The guests finally got to have a drink and TP and I posed for a range of pictures. Some sensible (various mixes of family and ushers/bridesmaids) and the silly, including a couple posing with axes and one where TP was being a bridezilla chasing the entire wedding party. I can’t wait to see that shot.
While this was happening the guests milled around the gardens drinking cocktails, eating ice-cream and playing some extremely aggressive games of croquet.
The next stage lovely meal with all my favourite people in a room. We’d spent hours, no days working on the table settings.
People were carefully sat next to strangers, ones we were sure would become firm friends and whole tables were designed to have a good mix of interesting types. During the meal I didn’t sit down much and instead walked from table to table catching up with people, some of whom I don’t get to see very often.
It was lovely, but also a little strange because you don’t really get to talk to anyone for very long. Just flit around having snatched conversations.
It may be your wedding, but it some ways it feels like you’re not really there.
After the meal were the speeches, which were all excellent, short and extremely funny.
People had been briefed that bad speeches would be interrupted with a klaxon. They all performed brilliantly, mine went okay. I wasn’t that stressed about it, the thing I really feared was the first dance. I was terrified of the first dance.

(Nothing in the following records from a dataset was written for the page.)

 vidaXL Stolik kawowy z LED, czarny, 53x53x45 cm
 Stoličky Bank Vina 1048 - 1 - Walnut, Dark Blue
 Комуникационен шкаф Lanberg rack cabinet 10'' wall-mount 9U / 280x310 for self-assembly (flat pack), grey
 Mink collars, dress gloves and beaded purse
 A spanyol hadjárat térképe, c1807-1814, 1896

I hate the awkward shuffle of the traditional first dance, so TP and I had got dance lessons. 5 hours of dance lessons, we’d learned the foxtrot.

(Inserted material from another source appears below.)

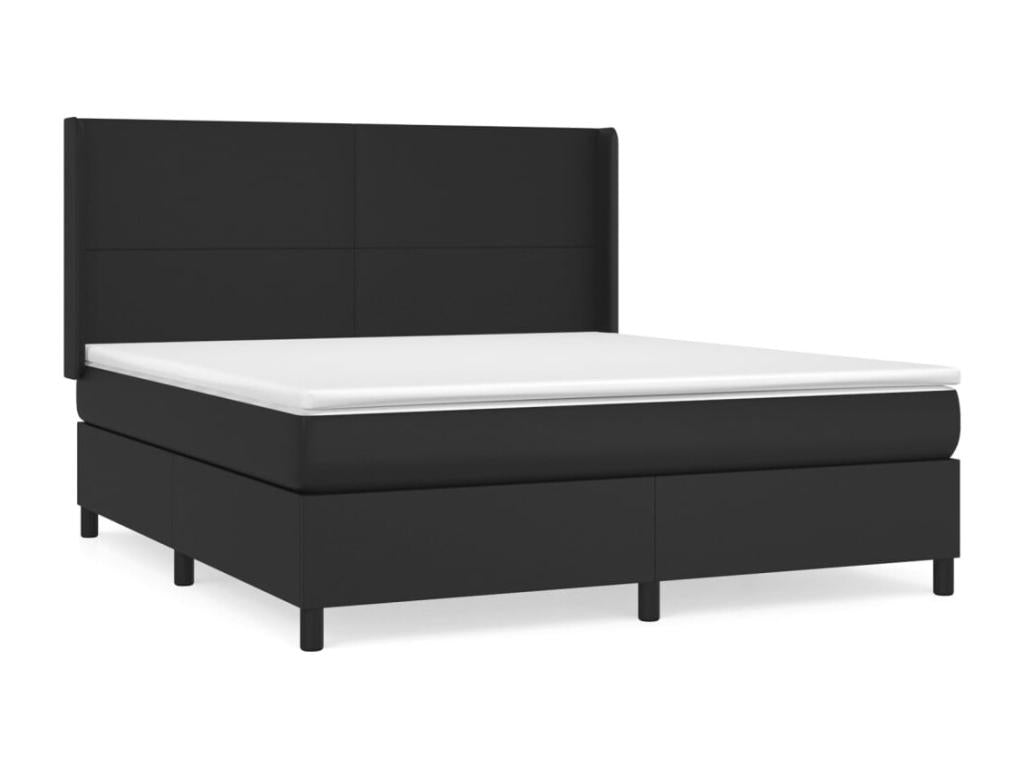 Decohaute bed base with black 180x200 faux leather mattress KOLL58206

Our instructor was forgiving and seem pleased with our progress but I was terrified of messing up the steps.To make things worse, TP’s dress was considerably larger than the one we’d practised with. It kept pushing me away.
We managed it though, even the fancy moves we’d requested in a fit of overconfidence and while I don’t think we would have won a dancing contest we would have been comfortably mid-pack, in the beginners section, of a small seaside town, where people don’t dance, and the judges are drunk, and short-sighted and we’ve bribed them.
Now that dance out of the way I could relax a bit more and catch up with old friends over drinks and observe the construction of the least impressive bomb I think I’ve ever seen. It was made out of party poppers so it didn’t have much to go on but I don’t think there is much a future in fireworks for the people who made it. Still it kept them amused for a few hours.
There was a lot more dancing. Dance cards were supplied for every guest and people were enjoying filling them out. Everyone seemed to have lovely time, apart from the people organising the ceilidh who had to physically herd people around the dance floor. Everyone was very enthusiastic but not very competent.
At about midnight the party stopped, or at least paused.
The venue closed. We got a car back to our honeymoon suite but the rest of the gang got a bus to their hotel and bravely partied on until at least 4.30am. Including a final burst of champagne when a minimum spend was needed at the last-minute and one guest splashed out on a few bottles to get the bar tab high enough.
The next day most of the party joined us for a bacon-based brunch and to re-cap what happened the night before. This was the time when most people signed the guest book, they’d been too smashed the night before. We also spent some time examining the photos and trying to piece together events from the last 12 hours.
All in all it was an excellent day. 10/10, A+, Would recommend to friends.
Lessons learned (over the course of the whole blog)
- If you want to meet someone right you have to meet a lot of people, like loads, and go on many dates.
- Even if those dates don’t work out, you’ll make lots of friends.
- Complete strangers will help you out with stuff if it’s in the name of marriage.
- Internet dating is the normal now.
- But everyone pretends on dates that they are new to it and they’re just trying it out because a friend insisted they do.
- If I make a bet with someone, I’m going to win it.
- Writing a blog really can change your life.